3.5. Performance Metrics:
In multi-objective optimization algorithms, the solution set generated
approximates the actual Pareto front. The approximated fronts are
compared based on convergence, diversity, and uniformity. Various
performance matrices are available that account for one, two, or all of
the three aspects of the Pareto fronts. These metrics can be unary or
binary. In this work, six metrics are used, namely, epsilon, spread,
generalized spread, generational distance, inverted generational
distance, and hypervolume (Table 4). The matrices require a reference
point or reference Pareto front. The non-dominated set from the union of
the points obtained from the compared Pareto front is used as the
reference Pareto front and a value lower than that of the anti-utopia
point of this reference front is taken as a reference point (1e4, 5e4).
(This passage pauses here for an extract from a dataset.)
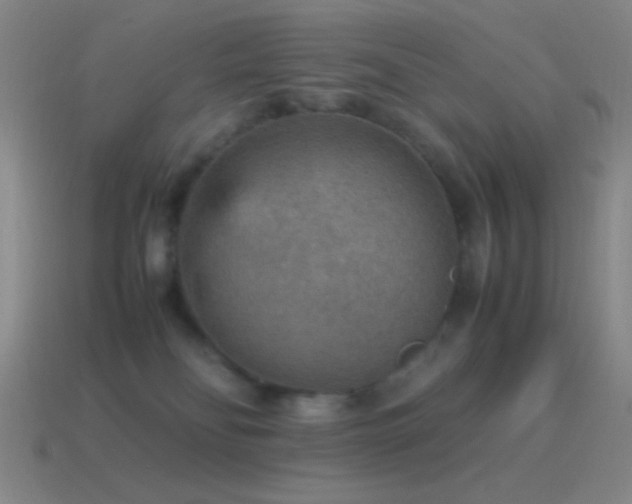 X0000115580134200911101156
A detailed comparison of various performance metrics can be found in
Zitzler et. al. (2003).
The unary e-indicator metric represents the smallest distance that an
approximate Pareto front must be translated to completely dominate the
reference Pareto set (Kollat et. al., 2005). The average Euclidean
distance between the reference Pareto set and the approximate Pareto
solutions is called the Generational distance (GD). Both, epsilon and
generational distance measure the convergence. The lower the value of
epsilon and generational distance, the better is the convergence. The
diversity of the Pareto front can be compared based on the distribution
of the solution set (uniformity) and its extent. Spread and generalized
spread quantifies the non-uniformity of approximate Pareto front. Small
the value of these matrices indicates, a better and diverse set of
approximate Pareto front. The inverted GD is the average distance
between each member of the reference Pareto front and the approximate
Pareto front. It is highly influenced by the distribution of the
approximate Pareto front. Hypervolume measures the size of the space
enclosed by the approximate Pareto front. Both, inverted generational
distance and hypervolume are a unary metric that considers convergence
and diversity. In addition, hypervolume is the most widely used
performance metric (Riquelme et. al. 2015). Auger A. et. al. (2009) have
provided a method to choose the value of reference point for the
calculation of hypervolume. Unlike inverted generational distance, the
higher the hypervolume better is the combined effect of convergence and
diversity of the approximate Pareto front.